Because You’re Buying More Than a Home!

The HOA Detective

The HOA Detective is the pen name of CIDA co-founder Carson Horton, RS. Mr. Horton’s blog space, hoadetective.com, is a potpourri of useful information and irreverent observations about topics of relevance to anyone with an interest in the subject of privatized residential communities.

HOA BLOTTER

In the style of an old-fashioned beat reporter, the HOA Blotter seeks to inform and enlighten readers about the latest in HOA misconduct and random incompetence. In addition to reporting on the misdeeds and transgressions of HOAs in general, the HOA Blotter keeps a watchful eye trained on the industry that services the HOA marketplace in an effort to enlighten, inform and empower buyers and homeowners who live in HOAs.

THE HOA DETECTIVE BACK STORY

The HOA Detective is the alter-ego/pen name of CIDA co-founder Carson Horton. Mr. Horton’s career path began with a tour of duty in the construction industry, where he honed his project management and cost estimating skills for almost 30 years before leaving the industry to pursue other professional opportunities. A chance encounter at a social gathering in the fall of 2005 led to an introduction to the relatively obscure occupation of conducting reserve studies for homeowner associations.

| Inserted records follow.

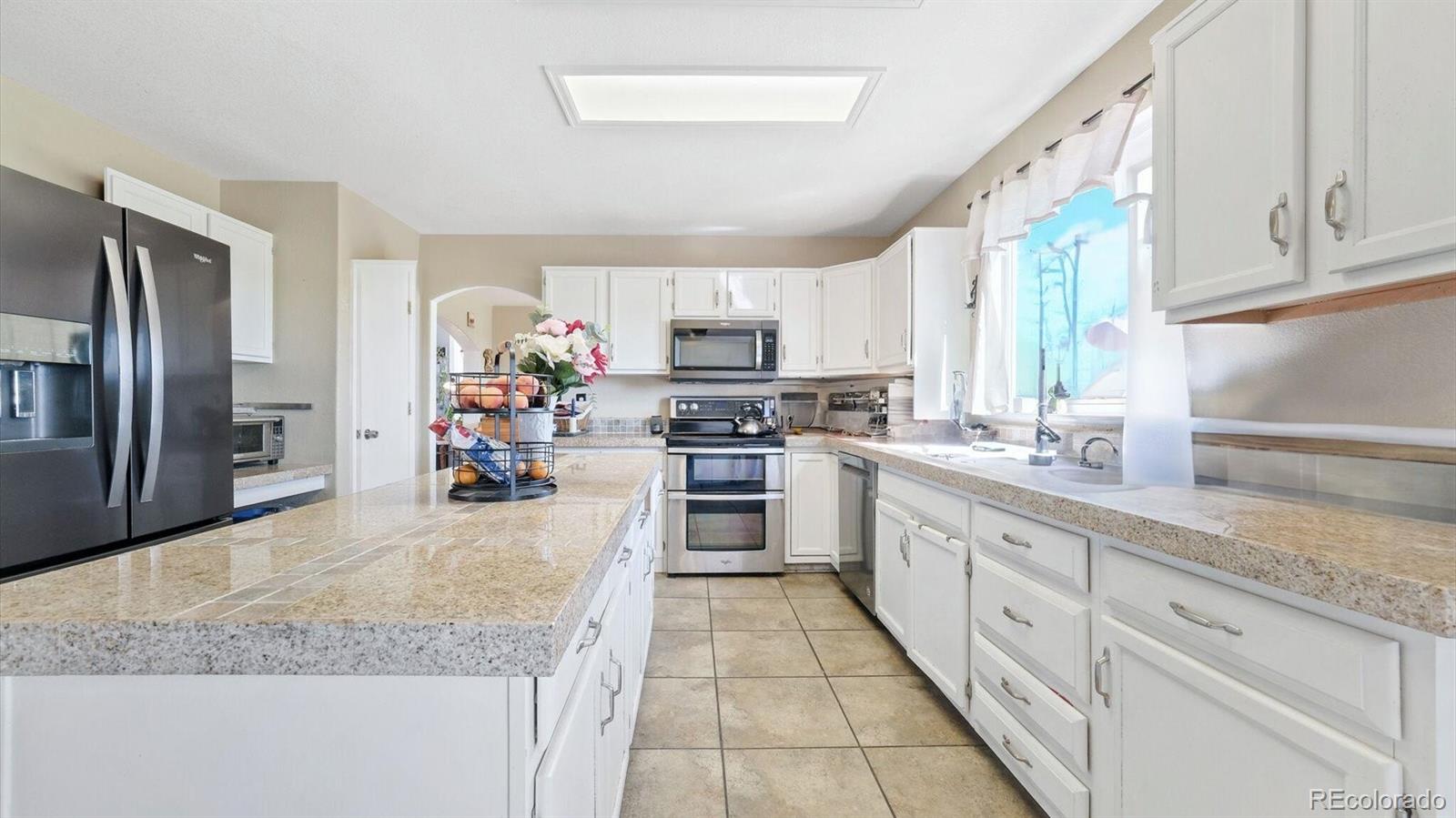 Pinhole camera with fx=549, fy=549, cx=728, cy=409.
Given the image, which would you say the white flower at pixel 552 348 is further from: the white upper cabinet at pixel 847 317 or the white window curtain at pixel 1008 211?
the white upper cabinet at pixel 847 317

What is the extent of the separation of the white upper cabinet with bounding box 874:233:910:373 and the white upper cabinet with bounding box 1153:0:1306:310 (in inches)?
67.4

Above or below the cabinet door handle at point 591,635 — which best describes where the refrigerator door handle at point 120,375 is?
above

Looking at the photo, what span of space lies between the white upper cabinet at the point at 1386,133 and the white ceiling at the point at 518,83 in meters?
1.03

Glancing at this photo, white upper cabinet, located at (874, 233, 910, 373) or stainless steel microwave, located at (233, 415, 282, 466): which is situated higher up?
white upper cabinet, located at (874, 233, 910, 373)

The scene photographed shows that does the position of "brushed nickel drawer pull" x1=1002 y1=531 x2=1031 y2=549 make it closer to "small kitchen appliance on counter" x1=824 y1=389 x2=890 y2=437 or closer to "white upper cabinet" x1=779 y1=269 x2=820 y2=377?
"small kitchen appliance on counter" x1=824 y1=389 x2=890 y2=437

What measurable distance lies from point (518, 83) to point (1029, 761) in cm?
288

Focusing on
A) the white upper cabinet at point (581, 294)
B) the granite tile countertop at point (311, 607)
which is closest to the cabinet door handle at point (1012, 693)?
the granite tile countertop at point (311, 607)

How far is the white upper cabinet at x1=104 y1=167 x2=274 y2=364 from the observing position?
248 centimetres

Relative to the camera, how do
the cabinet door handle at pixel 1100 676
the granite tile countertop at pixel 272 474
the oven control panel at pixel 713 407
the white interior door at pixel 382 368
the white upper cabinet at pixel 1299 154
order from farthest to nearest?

As fate would have it, Mr. Horton’s background in the construction industry was particularly well-suited to the reserve planning discipline, and so a career as a Reserve Specialist® was born. Twelve years, fourteen states and many hundreds of reserve study clients have provided Mr. Horton with a broad range of exposure to the inner-workings of HOAs, association management companies and the industry that has evolved over the last half century to serve the needs of an estimated 350,000 residential common interest developments that now dot the American landscape.

Through the HOA Detective blog, Mr. Horton hopes to provide readers with useful information about a serious topic which has been largely ignored by the mainstream media, government regulators and the public in general, despite the fact that some 60 million Americans now reside in a homeowner association of one form or another.